What, then, should be the strategy of those who wish to defend private property because they believe that, in spite of its abuses, it is essential to the development of the individual and to the production of goods and services in such abundance as modern society demands?

First, they should abandon the eighteenth century philosophy of natural rights, cease falling back on past deliverances of the Courts or on the authority of the Constitution and the law, and frankly acknowledge that private property rests on a basis of utilitarianism. It is impossible to defend, on the grounds of ideal justice, the distribution of wealth which prevails in the Western world. As Professor Taussig says: "The history of modern capitalism tells a mixed storynot only of vigor and competition and progress but of monopoly, exploitation, unearned incomes and unearned increments. The wrongs of the past, perpetuated by inheritance, weigh heavily on almost all of the modern world.' Much digging into the history of the founding and development of great fortunes would undoubtedly in many cases unearth numerous unsavoury facts concerning them, facts such as fraud, cruelty, brutality, slavery, privilege and sheer non-ethical luck. When the young moral idealist first becomes acquainted with these facts, his sensitive conscience is often so shocked that his first impulse is to smash the society which tolerates them or blinds itself to their existence. Revolutionary ardour lays hold upon

him and he feels himself called of Heaven to denounce and forswear the past and purge the world of it, as though by fire, so as to make ready for an ideal future. But the strategy of revolution is blind and impotent. Thoughtful people did not need the example of Russia to teach them that any revolutionary attempt to redistribute private property or take forcible possession of it for the State is doomed to failure. The madness of men, even when occasioned by a sound moral protest against wrong, is never a constructive principle. Once armed with fire and sword it loses all power of discrimination and destroys the good along with the bad. In its violent effort to redistribute wealth it destroys wealth altogether. And not only wealth but the very capacity to produce more wealth, for, in the first place, without the leaders who have been killed or driven out of the country, industry is helpless, and, in the second place, after a period of fierce excitement it is difficult. for the working population of any country to settle down to the routine work of daily production in the factory, the foundry and the fields. Imagination can hardly picture the misery, desolation and chaos which revolution would cause in a modern industrial country. A mere industrial crisis throws millions out of employment. What, then, would happen if the whole process of production should be thrown into confusion! Only the radical, blinded by rage and hate, can think of it without shuddering. It is not mere cowardice that turns the middle-aged man away from revolution. It is pity for the suffering which a revolution causes and sorrow for the cost in human hate which a revolution entails; it is the conviction that, however heavily the wrongs of the past may weigh upon us, it is better to bear them and live and redress them gradually and constitutionally than to risk carrying all civilization down in a mad effort to throw them off; it is the knowledge that, gross as the abuses of private property may be, it is the craving of men and women for the security which property brings that is the main incentive to a vigorous economic activity over the whole field of production. Private property, in spite of its abuses, has proved its social utility in the past and, pruned of its excesses, it is likely to continue its usefulness in the future. Society should, as it is able, cut away the

cancerous growths of the past but it must not sacrifice the patient's life in so doing.

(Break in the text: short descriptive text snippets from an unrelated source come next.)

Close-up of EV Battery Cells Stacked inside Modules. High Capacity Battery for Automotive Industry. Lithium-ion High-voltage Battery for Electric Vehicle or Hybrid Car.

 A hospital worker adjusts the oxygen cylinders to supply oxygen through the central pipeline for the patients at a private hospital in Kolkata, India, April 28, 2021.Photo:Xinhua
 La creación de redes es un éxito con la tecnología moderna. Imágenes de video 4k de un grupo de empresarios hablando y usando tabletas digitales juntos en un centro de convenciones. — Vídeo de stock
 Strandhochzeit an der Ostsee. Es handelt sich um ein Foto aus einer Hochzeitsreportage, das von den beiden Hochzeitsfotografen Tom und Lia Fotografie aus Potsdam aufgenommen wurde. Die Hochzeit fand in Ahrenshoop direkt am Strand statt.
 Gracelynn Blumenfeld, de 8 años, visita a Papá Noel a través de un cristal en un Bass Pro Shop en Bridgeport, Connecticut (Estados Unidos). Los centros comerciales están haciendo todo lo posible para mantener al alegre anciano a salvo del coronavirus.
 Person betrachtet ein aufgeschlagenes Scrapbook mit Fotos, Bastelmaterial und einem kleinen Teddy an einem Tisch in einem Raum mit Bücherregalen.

In the second place, if private property is the greatest stimulus to production, it ought to be brought within the reach of all, so far as that is possible. The greatest drawback, both economic and social, of modern machine-industry is the complete divorce between the labourer and ownership of the plant in which he works and of the wealth which he helps to produce. His only interest in his labour is for the sake of the wages he gets for it. If the shop is unionized and all labourers of the same grade get the same wages and the relations between the labourers and the employer are unfriendly, the worker has no compunction whatever about loafing on his job nor has he any motive for connecting himself permanently with the plant if some job elsewhere seems at the moment more attractive. In such plants the annual labour turnover is enormous and it is out of these propertyless, unattached men that the ranks of wild radicalism are being constantly recruited. The sense of ownership is a great stabilizer of human life and sometimes very little is required to awaken it and satisfy its demands. For this reason, the believer in the social utility of private property will be deeply interested in all the experiments now being made by scores of business-firms with a view to attaching their employees to the firm and giving them something of the incentive to labour which the ownership of private property nearly always guarantees. The book called "Industrial Government" by Professor John R. Commons and his collaborators, which tells the story of some of these experiments, strikes a note of most welcome optimism in these distressful times and holds out the hope that out of these experiments may come some method of co-operation between employer and employee which shall make the latter feel that he belongs where he works and inspire him to put forth his whole industrial power.

In the third place, the defenders of private property must face courageously the necessity of pruning away its gross excesses or at least reducing their evil effects so far as can be done without paralysing the tendency to accumulation and energetic production. Perhaps the greatest burdens which

the institution of private property is now bearing are the unearned increments of building-sites in growing cities, the profits of monopolized industries, and the colossal inheritances which men of great fortunes leave to their children. It is these three forms of wealth which are the occasion of the most bitter attacks on the institution of private property as a whole, and if the institution is to be saved and made acceptable to all sane-minded people these abuses must be curbed. The task of curbing them is a threefold one. It is the intellectual task of thinking out the most effective means of achieving the end desired, the educational task of convincing the general public of the need for the proposed action and the political task of creating the legal instrumentalities by which the action may be carried out. Each part of the task is formidable enough, but so many thinking people are now convinced of the necessity for socializing an increasing portion of these forms of wealth by special taxation that increased activity in this direction in the future is almost inevitable.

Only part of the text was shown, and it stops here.